▸ DATASET SECTION
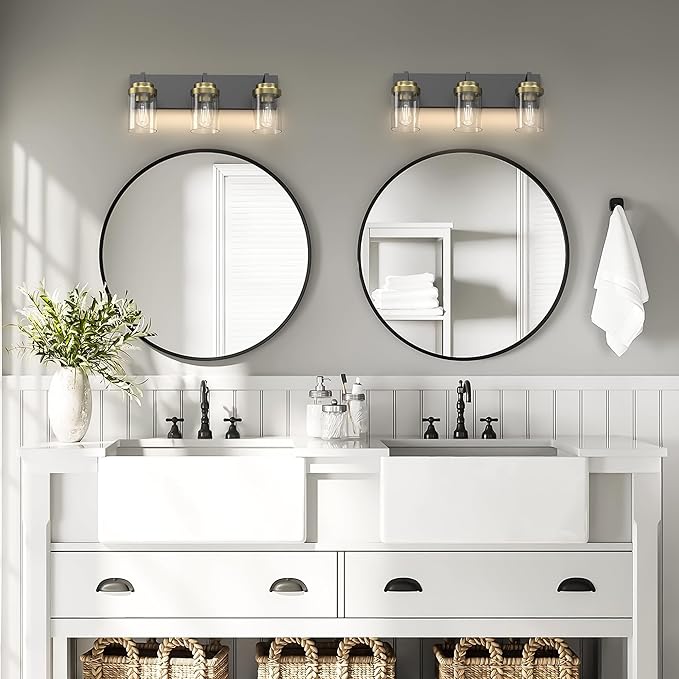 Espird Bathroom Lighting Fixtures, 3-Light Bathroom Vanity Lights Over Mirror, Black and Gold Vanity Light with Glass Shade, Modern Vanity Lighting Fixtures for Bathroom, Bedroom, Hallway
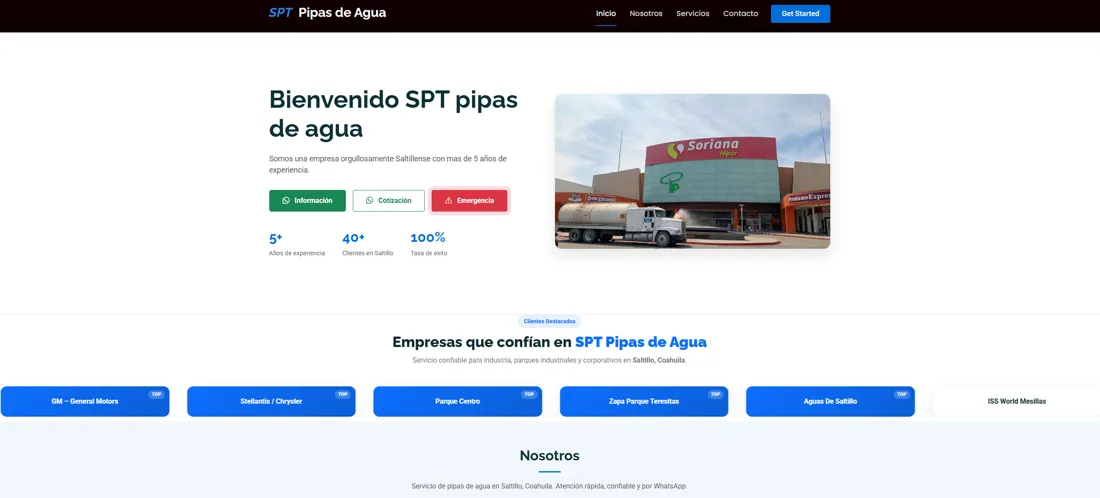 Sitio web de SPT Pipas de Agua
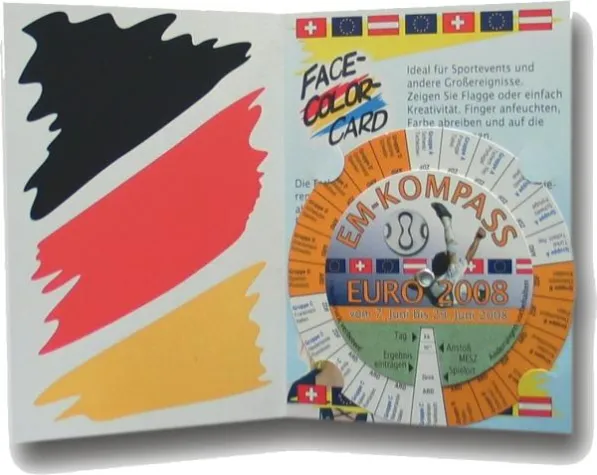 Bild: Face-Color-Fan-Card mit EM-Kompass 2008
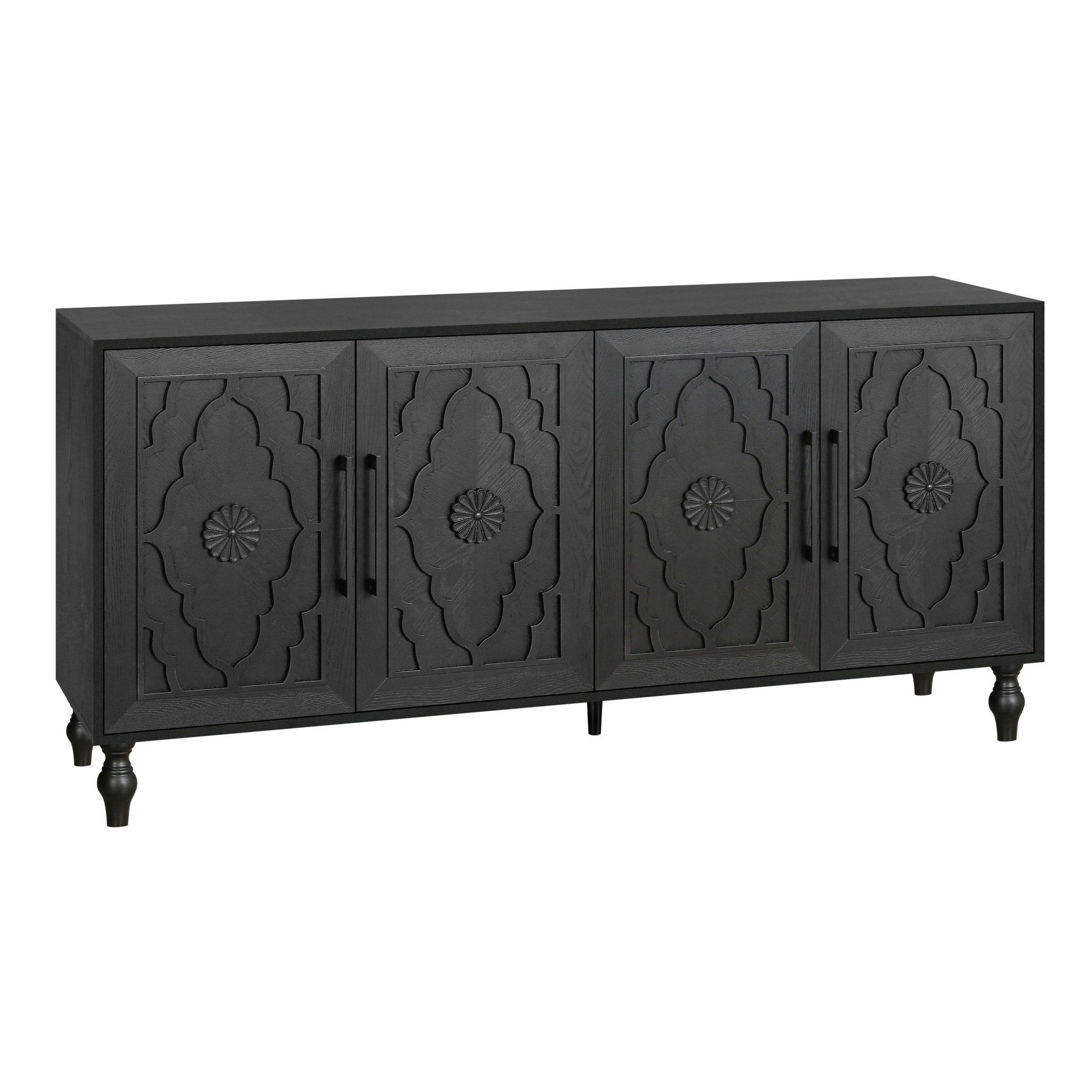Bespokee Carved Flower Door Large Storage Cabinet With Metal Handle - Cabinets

▸ TASK DIRECTIONS
Output the lines above in full and exactly. Leave out every picture.

▸ TASK RESPONSE
 Espird Bathroom Lighting Fixtures, 3-Light Bathroom Vanity Lights Over Mirror, Black and Gold Vanity Light with Glass Shade, Modern Vanity Lighting Fixtures for Bathroom, Bedroom, Hallway
 Sitio web de SPT Pipas de Agua
 Bild: Face-Color-Fan-Card mit EM-Kompass 2008
Bespokee Carved Flower Door Large Storage Cabinet With Metal Handle - Cabinets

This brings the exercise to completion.